He Certainly Does Answer, [Prayer]

 “He shall call upon Me, and I will answer him;
         I will be with him in trouble;
         I will deliver him and honor him.”

Psalm 91:15

“So I tell you to ask and you will receive, search and you will find, knock and the door will be opened for you.” 

 Luke 1:9

Our Father God very much wants to put us into a ‘win-win’ situation.  This is remarkable considering our our pathetic condition.  It seems we cannot generate enough steam to reduce the tension in our own lives, much less others. We are more or less ‘babes in the woods’ when it comes to anything of spiritual consequence.  We can only hope that He goes before us, unlocking doors, and making us look important.

But these verses do act as an encouragement.  He fully intends that we step into a door that has been widened and opened for us to step through, right into a room of full grace and assurance.  He intends that we make it real, and accept all that is done for us, in His grace and mercy.

Prayer is incredible.  When we finally begin to understand, we start to see that He is actively encouraging us to step’ into the wind.’  To stand and not be ‘wimps’.  To become disciples who are open to seeing things that take on a supernatural significance; so we must make the decision to become sensitive to the needs of others.

The Father is excavating a deeper place for us to pray.  As we step into this new place, we find an increased amplitude to extend ourselves into the lives of the struggling among us.  There becomes for us a new place of a strong intercession, something that is substantially fresh and aware.  It doesn’t seem to get more sophisticated, only more gentle and alert.
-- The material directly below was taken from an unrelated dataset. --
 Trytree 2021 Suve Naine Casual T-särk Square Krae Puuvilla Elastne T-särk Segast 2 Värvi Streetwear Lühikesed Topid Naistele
But we must pray.  We must engage the enemy that tries to advance.  To fail in doing this leaves many unprotected and vulnerable.  It really is not acceptable for us to let Satan roll over our friend’s hearts and lives.  We must provide resistance and strength to our loved ones. They may never know the prayer we offered them; until heaven.

Prayer is our key, and we need to move with it in a deliberate and direct manner.  So much of the enemy’s focus is directed towards our times of prayer.  Prayer disturbs him.  He tries to ‘corral’ us and to reduce our access to the Father.  But if we only press forward, we will find a freedom and liberty waiting for us.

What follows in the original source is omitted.